--- DATASET RECORDS Enclosed Below ---

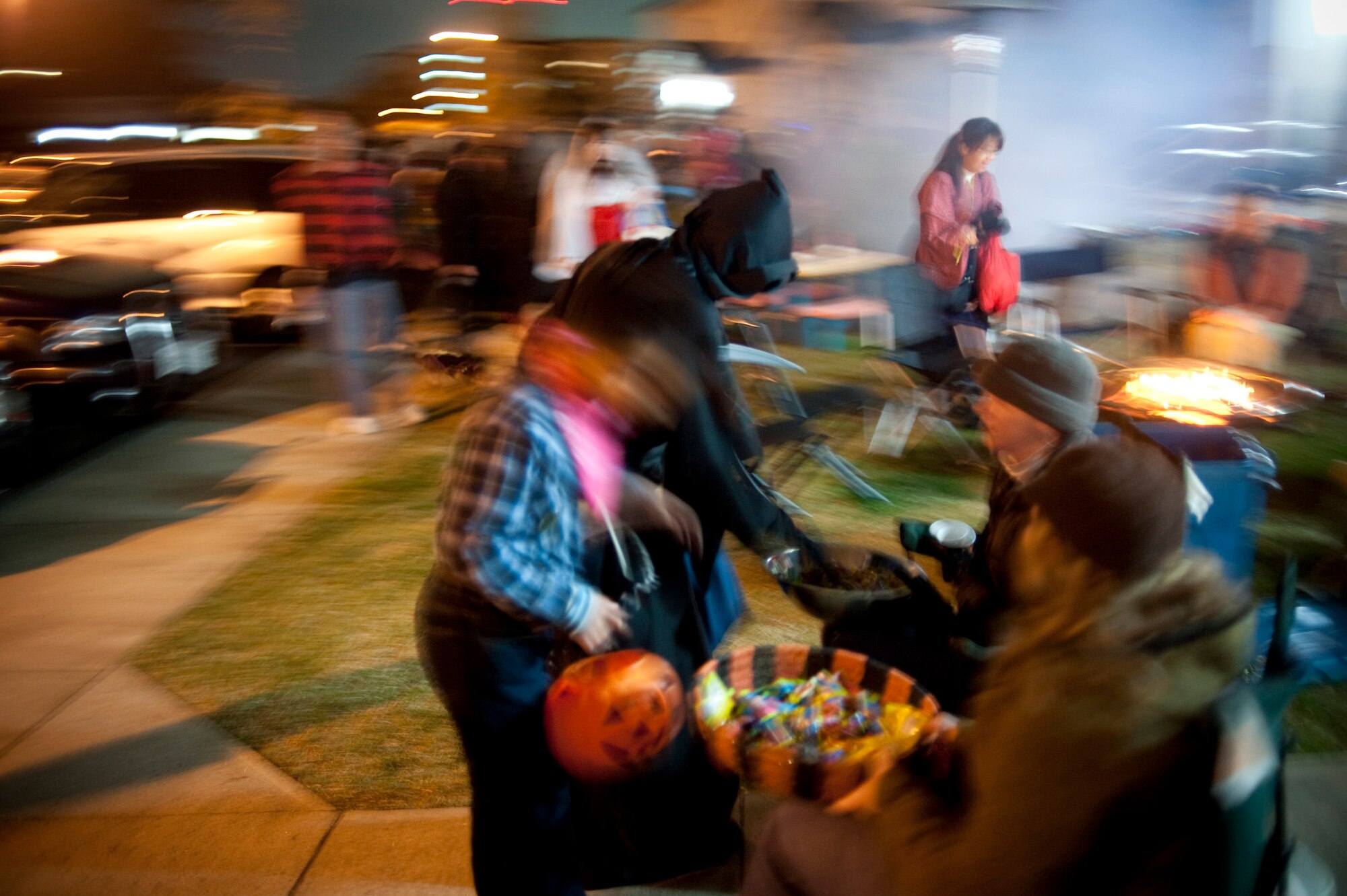 MISAWA AIR BASE, Japan -- Costumed children trick-or-treat throughout base housing on Halloween. Base residents decorated their homes and offered a variety of treats for the children. (U.S. Air Force photo/Staff Sgt. Samuel Morse)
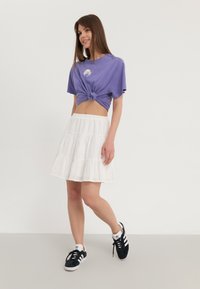 Lila, geknotetes Baumwoll-T-Shirt mit Grafik, kombiniert mit einem weißen, gestuften, strukturierten Rock. Schwarze und weiße Sportschuhe runden das Outfit ab.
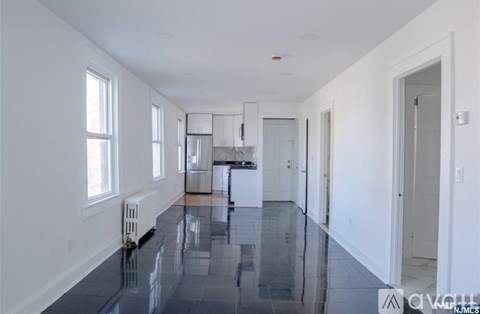 A spacious kitchen with a dining area and a large island.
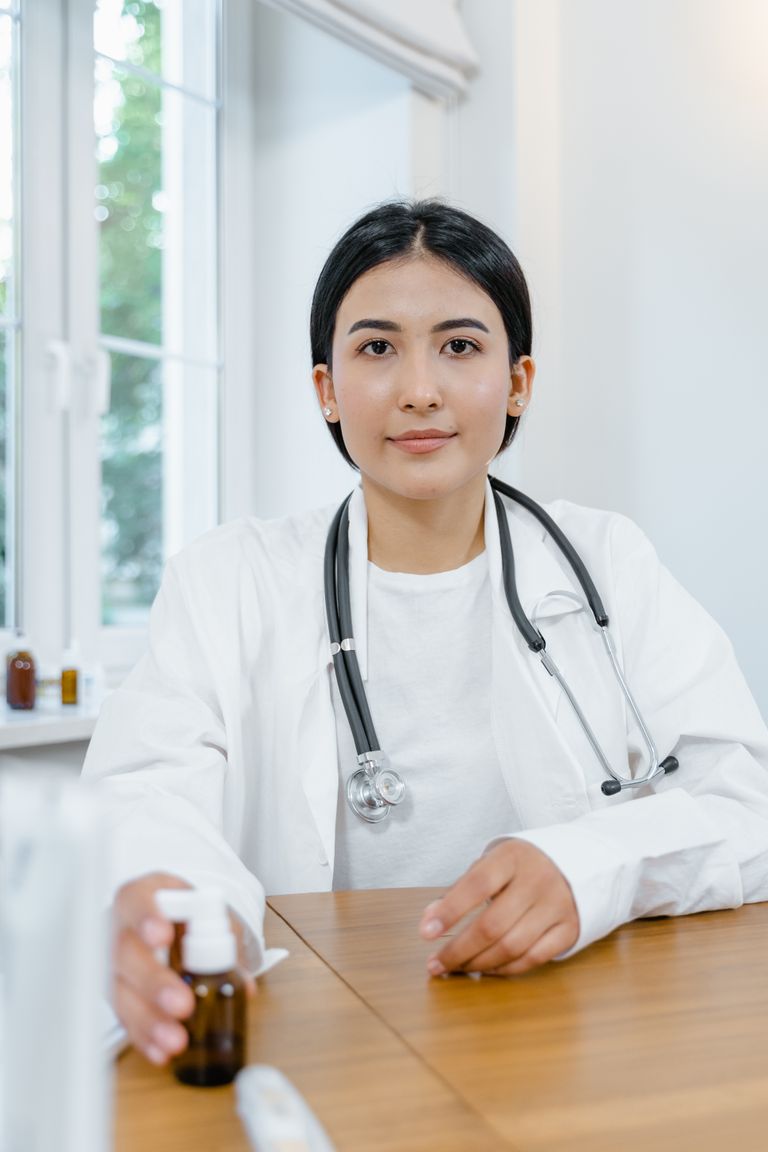 Professional young female doctor sitting indoors in a hospital with a smile.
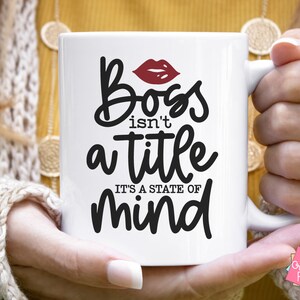 Puede incluir: Taza de cer&aacute;mica blanca con un dise&ntilde;o en negro y rojo. La taza presenta el texto "Ser jefe no es un t&iacute;tulo, es un estado mental".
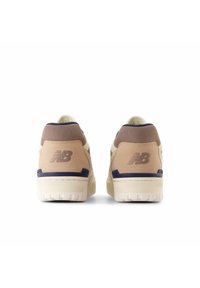 Beige New Balance sneakers with brown suede accents, white sole, and embossed logo. Smooth texture and round shape with cushioned back.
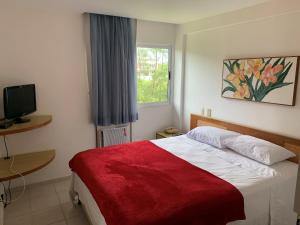 um quarto com uma cama com um cobertor vermelho e uma janela em Muro Alto Marupiara Suítes em Porto de Galinhas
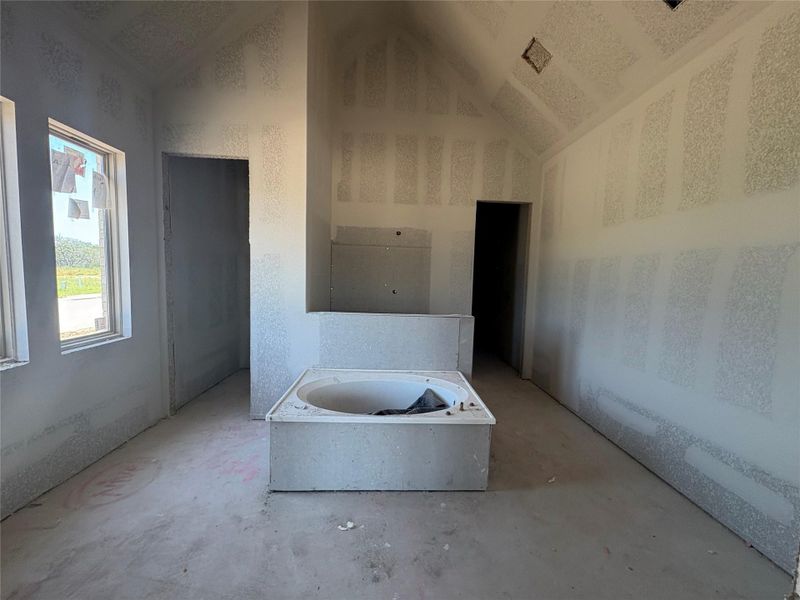 Bathroom featuring a tub and concrete flooring Bathroom featuring a tub and concrete flooring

--- End of Enclosed DATASET RECORDS ---

ASSIGNMENT: The copy must reproduce every entry exactly while excluding all pictures.

ANSWER TO THIS EXERCISE:
 MISAWA AIR BASE, Japan -- Costumed children trick-or-treat throughout base housing on Halloween. Base residents decorated their homes and offered a variety of treats for the children. (U.S. Air Force photo/Staff Sgt. Samuel Morse)
 Lila, geknotetes Baumwoll-T-Shirt mit Grafik, kombiniert mit einem weißen, gestuften, strukturierten Rock. Schwarze und weiße Sportschuhe runden das Outfit ab.
 A spacious kitchen with a dining area and a large island.
 Professional young female doctor sitting indoors in a hospital with a smile.
 Puede incluir: Taza de cer&aacute;mica blanca con un dise&ntilde;o en negro y rojo. La taza presenta el texto "Ser jefe no es un t&iacute;tulo, es un estado mental".
 Beige New Balance sneakers with brown suede accents, white sole, and embossed logo. Smooth texture and round shape with cushioned back.
 um quarto com uma cama com um cobertor vermelho e uma janela em Muro Alto Marupiara Suítes em Porto de Galinhas
 Bathroom featuring a tub and concrete flooring Bathroom featuring a tub and concrete flooring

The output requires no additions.